Published in final edited form as: Fertil Steril. 2021 Nov 5;116(6):1524–1525. doi: 10.1016/j.fertnstert.2021.09.038

The health of in vitro fertilization-conceived children: The Blind Men and the Elephant

Barbara Luke 1
PMCID: PMC9761789  NIHMSID: NIHMS1854846  PMID: 34743911

There is a well-known poem by John Godfrey Saxe titled “The Blind Men and the Elephant,” based on a famous Indian legend:

It was six men of Indostan

To learning much inclined, Who went to see the Elephant (Though all of them were blind), That each by observation Might satisfy his mind […] And so these men of Indostan Disputed loud and long, Each in his own opinion Exceeding stiff and strong, Though each was partly in the right, And all were in the wrong!

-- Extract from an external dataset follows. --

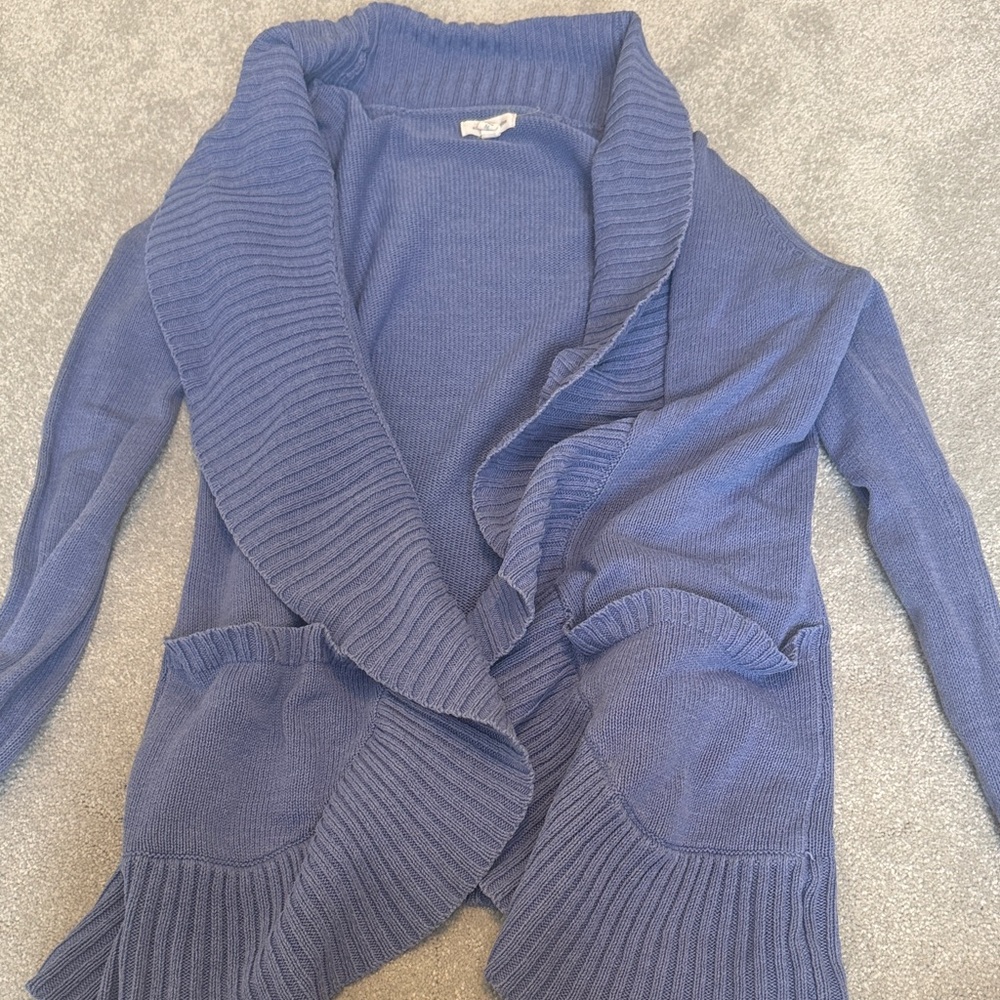 Silence + Noise Indigo Ribbed Cardigan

As investigators, each of us is at least partly blind, partly in the right, and partly in the wrong. In an ideal world, we would know everything about the individuals we are studying. Factors would remain constant over time, and reporting would always be complete and accurate. However, we do not live in an ideal world, and in studying infertility, its treatment, and child health outcomes, several factors need to be considered. Each new analysis adds to our knowledge and should be put in context to prior published findings and hopefully identify areas in need of further investigation. In this issue of Fertility and Sterility, Farley et al. (1) presented an analysis evaluating the risk of neonatal and infant mortality among singletons conceived with infertility treatments using deidentified public-use national data on all US live births in 2015–2018. They concluded that infertility treatment was associated with a 51% increased risk of neonatal mortality and, through mediation analysis, concluded that 72% of the effect was through preterm birth. Of note, in their study, labor was induced for approximately one-fourth of the natural conception group compared with one-third of the infertility groups, and delivery was by cesarean section for approximately 30% in the natural conception group vs. 40%–48% in the infertility groups, indicating that some portion of the prematurity was likely to have been iatrogenic.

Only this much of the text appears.